Geodata storage evaluation


#22

the article mentionned in the issue:
Switching user database on a running system - labs.spotify.com


(Jon Richter) #23

Please be aware CartoDB is a web mapping platform that uses PostgreSQL with the PostGIS extension. It is nowhere near being a database itself.


(Michael Maier) #24

I would oppose that strongly. We are not in the situation that Spotify is with 75M users, especially users that are extremely sensitive to outages (as they are paying for the service). OSM has 2.3 M users, and its DB configuration is very similar to Spotify’s: 1 write-DB, many read-DBs. If there is an outage in the write-DB, then you can’t edit, that’s true. But all other services remain unaffected. That’s a problem that is just soo far away in the future (to guarantee 100% edit-availability), that in our situation with very limited funds, I would not care about in the moment.


(Josef Kreitmayer) #25

So basically CartoDB is an application, that integrates with PostgreSQL as database?

In very easy terms, that would mean CartoDB = (building on) PostgreSQL or would there also be other PostgreSQL uses, that would not integrate CartoDB?


@almereyda,
what do you think about the PostgreSQL write/read setup?


personally from an absolute non-technician standpoint, I share:


(Michael Maier) #26

At first, as much as I appreciate your insights, it would have been very helpful if you would have been attending the meeting, especially as you signed up in the framadata. /rant off.

If we have to implement them ourselves, then I agree. If a solution provides it out-of-the-box, we can take it now.

could you specify this in detail?

Good point - I will add it to the requirement criteria matrix.

+1 for step-by-step.


Thanks for the reminder, I’ve documented it in this thread.


I’ve started the requirement matrix here in this ethercalc (Just accept the expired certificate).

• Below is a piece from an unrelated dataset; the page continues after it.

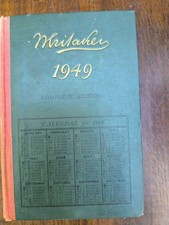 The Whitakers Almanac 1949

2016 02 08—21 | Hackathon | Witzenhausen
(Michael Maier) #27

Most high-end FOSS GIS-solutions build upon postgres/postgis, e.g. also the OpenStreetMap stack (the so-called “rails port” I would suggest as POI DB) uses postgis both for the main DB as well as for the rendering servers.


(Matt Wallis) #28

I was one of those people, but I am uneasy about the value (and the interpretation here) of my contribution, because I do not understand properly the use to which this database will be put. I seem to have entered the discussion at a point where all that needs to be done is to refine the implementation details, and where the “higher” level questions about use cases and //why// we are doing what we are doing have already been answered.

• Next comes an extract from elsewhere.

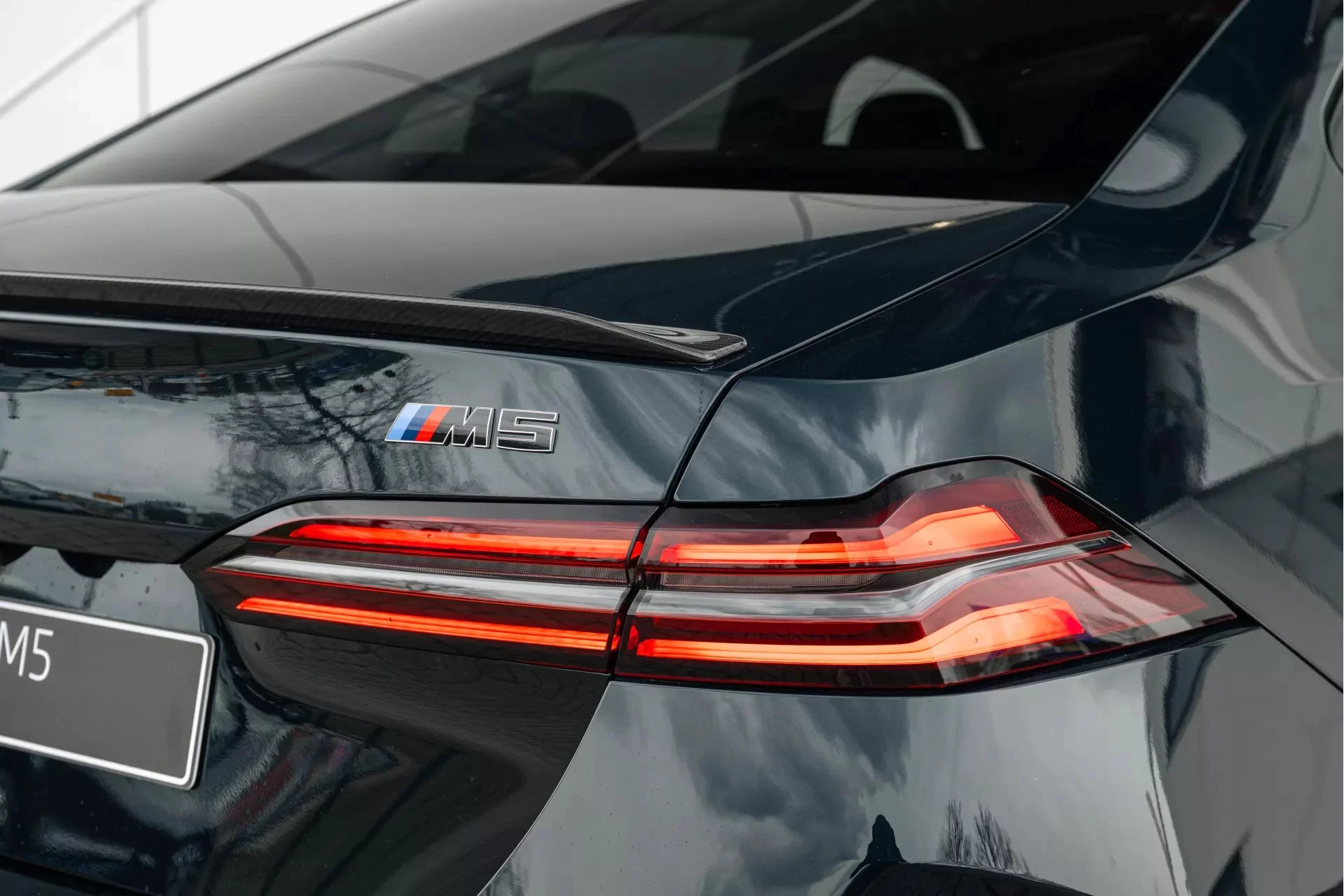 Petrol Mica BMW M5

For example, in this thread (or links from it), I have found the following:

@species in https://tree.taiga.io/project/transformap/us/71

“Scales for at least 100 million POIs”

This sounds like a big centralized database. I may be wrong.

@gandhiano in https://tree.taiga.io/project/transformap/task/206:

“For me having a decision on the geodatabase to use is necessary until the next hackathon begins on Feb 8th. It is a precondition for allowing a fruitful work with maxlath and to allow us to move forward in shaping and implementing the TM stack.”

The two comments above cannot both be describing the same instance of a geodatabase, as the first requires a decision by Feb 8th.

In the absence of proper understanding, I have come up with some hypotheses:

  • Guess 1: Perhaps my lack of understanding is down to the fact that I am quite new here. If I keep digging through discourse/taiga/mediawiki/1Xmmm/github issues, then I will find the answers.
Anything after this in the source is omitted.